4. Crea clases personalizadas

 

Como te decía en el punto anterior, mantener motivado a tu alumno es fundamental. De hecho, es la única manera de tener alumnos regulares. Si se aburren, dejarán de aprender español o buscarán a otro profesor.

 

Sin ninguna duda, la manera más fácil de mantener motivado al alumno casi sin esfuerzo es ofrecerle una clase pensada sólo para él. Adaptar las clases a los gustos y objetivos de tu estudiante es garantía de éxito, así que personaliza tus clases y materiales. Ofrece a cada estudiante lo que necesita.

 

¿Tienes un estudiante al que le encantan los deportes y tiene problemas con los pasados? No te limites a ofrecerle una hoja de ejercicios para practicar la diferencia entre el indefinido y el imperfecto que encontraste un día por internet. Hablad de su rutina de deportes del día anterior o el año anterior, pregúntale qué hacía antes y qué hace ahora, cómo ha cambiado su forma de hacer deporte, ofrécele un texto o una noticia deportiva que narre un evento del pasado… Hay miles de posibilidades de personalizar las clases para cada uno de tus alumnos.

 

Ten siempre presente que cuando un alumno escoge recibir clases individuales online, uno de los principales motivos es que no quiere tener que “sufrir” los métodos y contenidos cerrados de las clases grupales presenciales. Tu alumno quiere aprender a su ritmo y hablar de cosas que le interesan, así que ofréceselo. Es la manera más fácil de fidelizarlo.

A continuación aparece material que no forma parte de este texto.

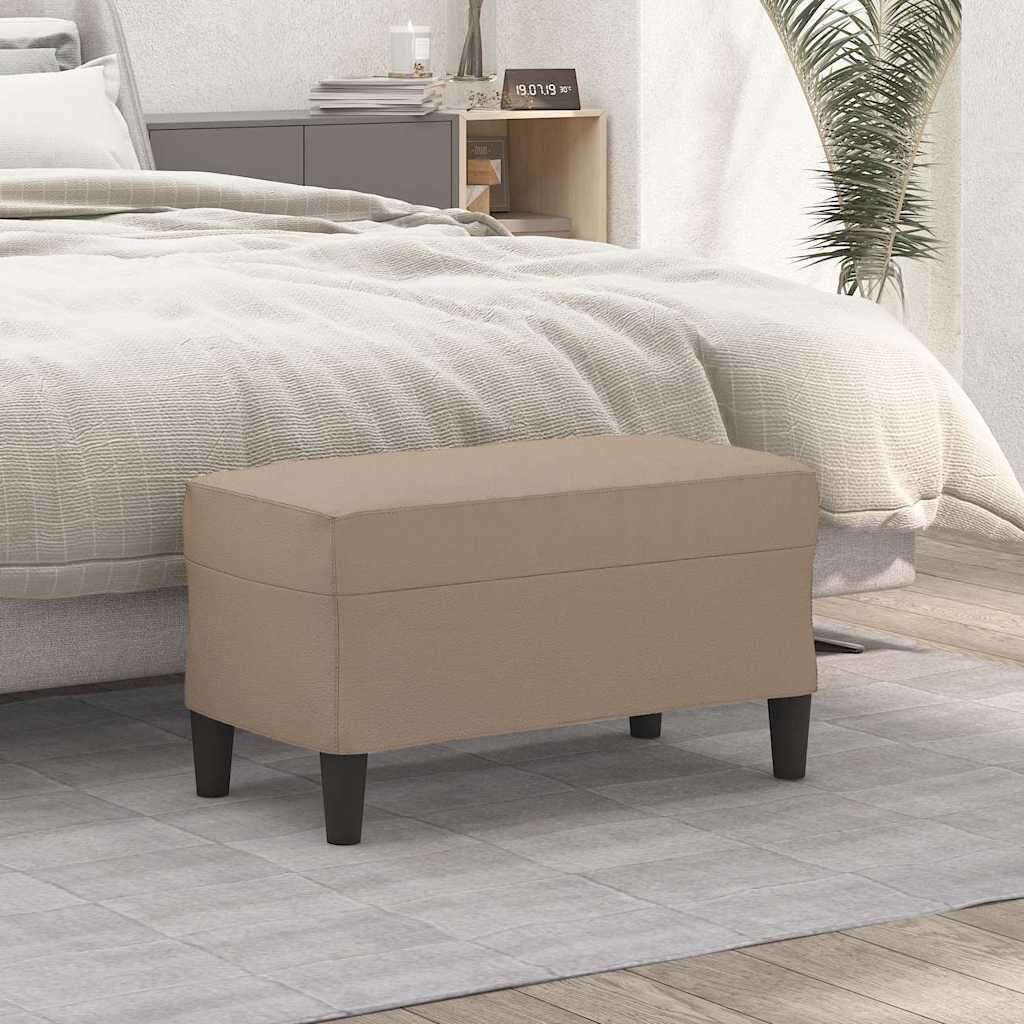 vidaXL Пейка капучино 70x35x41 см изкуствена кожа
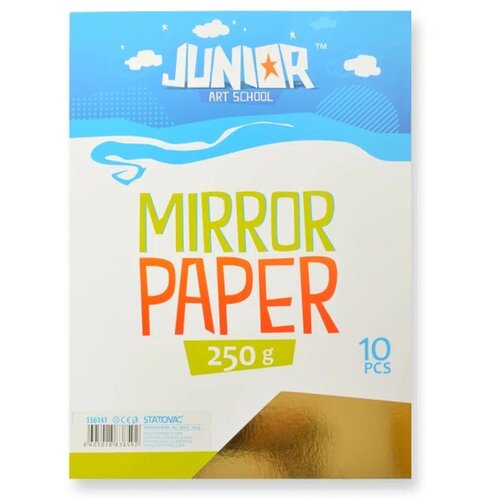 Junior jolly Mirror Paper, papir ogledalo, A4, 250g, 10K, odaberite nijansu Zlatna Slike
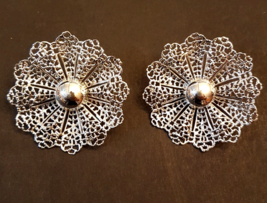 Sarah Coventry Fan-Fare Earrings Clip-On Silver Tone Filigree Flower VTG 1959 - £11.63 GBP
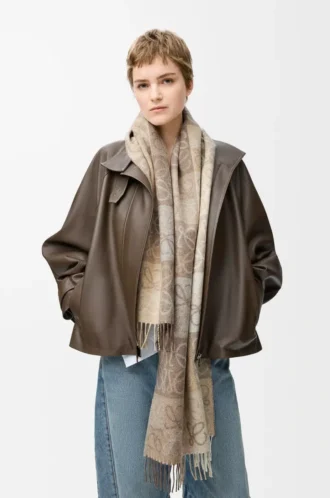 Schal aus Wolle und Kaschmir Weiß/Beige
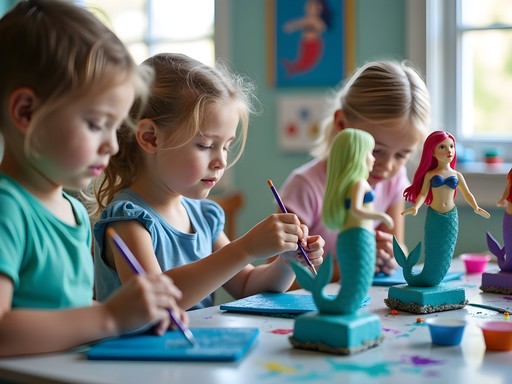 Family painting colorful mermaid sculptures at Mermaid Factory in Virginia Beach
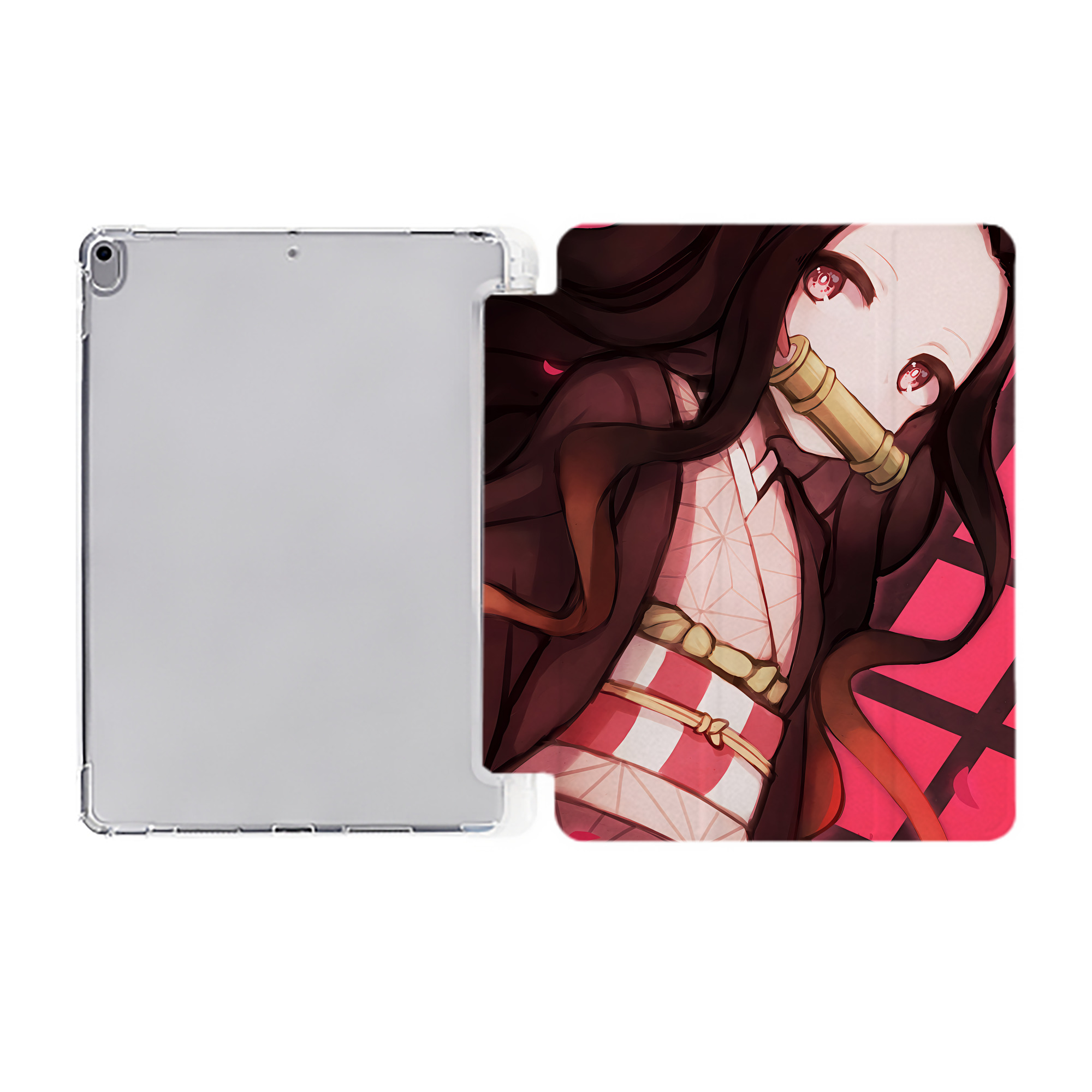 （画像用） 鬼滅の刃（きめつのやいば）竈門 禰󠄀豆子／かまど ねずこ Kamado Nezuko IPad ケース ペン収納付き 三つ折りスタンド PUレザー×シリコン 対応機種9.5/10.5/10.9インチ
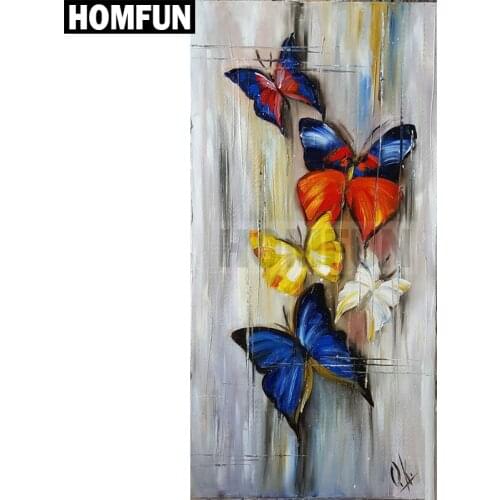 HOMFUN 5D Diy Diamond Painting Cross Stitch "Drawing butterfly" Home Decor Full Rhinestones Inlay Diamond Embroidery A00344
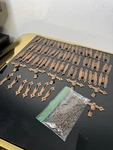 Vintage/retro Hammered Copper Metal Strap Cabinet Door Hinges Lot W/ SCREWS43. Fixed Price $135.00.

5. Ellos ya saben que quieren aprender español, ahora tienen que saber que lo quieren aprender CONTIGO

 

Un error común entre los profesores online y que observo en muchísimas páginas web es que se centran en convencer a los alumnos de las ventajas de aprender español o de hacerlo online. ¿Para qué? Si un cliente entra a una web de clases de español online es porque ya tiene claro que quiere aprender o seguir aprendiendo español en línea. No es necesario que lo convenzas de ello.

 

Céntrate en convencerlo de que tiene que aprenderlo contigo. Al fin y al cabo, si captas alumnos a los que has tenido que convencer para aprender español, te resultará mucho más difícil mantenerlos, porque no están comprometidos con el aprendizaje del idioma.

 

Busca a alumnos enamorados del español y con un alto grado de interés en aprenderlo y haz que se enamoren de tus clases. Centra tus esfuerzos en que tus alumnos tengan claro por qué eres el mejor profesor para ellos.

 

Antes hablábamos de personalizar las clases: “adaptarlas a las necesidades de tu cliente”, pero tus clases también tienen que tener un componente personal propio, tuyo. Deberías dedicar algún tiempo a observar a otros profesores de español que ofrecen clases a tu cliente ideal y ver qué hacen distinto de ti y qué haces tú distinto de ellos. ¿Cómo aportas valor? ¿Qué te diferencia? ¿Por qué te han elegido a ti y no a otro? Tenlo siempre presente, déjalo en algún lugar visible y no lo pierdas de vista.

 

Si no lo tienes claro, pasa una encuesta a tus alumnos. Ellos no tendrán ningún problema en decirte por qué te eligieron a ti y no a otro.

 

Un consejo: si te escogieron por el precio, te recomiendo que crees una estrategia para convencerlos por otra faceta: el dinamismo de las clases, la profesionalidad de los materiales, los temas interesantes que propones… Cualquier cosa que los vuelva a convencer de que contigo están mejor que con nadie. Si no lo haces, todos esos alumnos que llegaron por el precio de tus clases, se irán cuando encuentren otras más baratas.

 

Procura no dejar de hacer nunca aquello que te diferencia y por lo que los alumnos te han elegido y evitarás que busquen a otro profesor. Si los convenciste para empezar contigo, los convencerás para seguir.

 

¿Qué métodos utilizas o vas a utilizar tú para conseguir que tus alumnos sean regulares? Cuéntame en los comentarios qué te ha funcionado y qué no.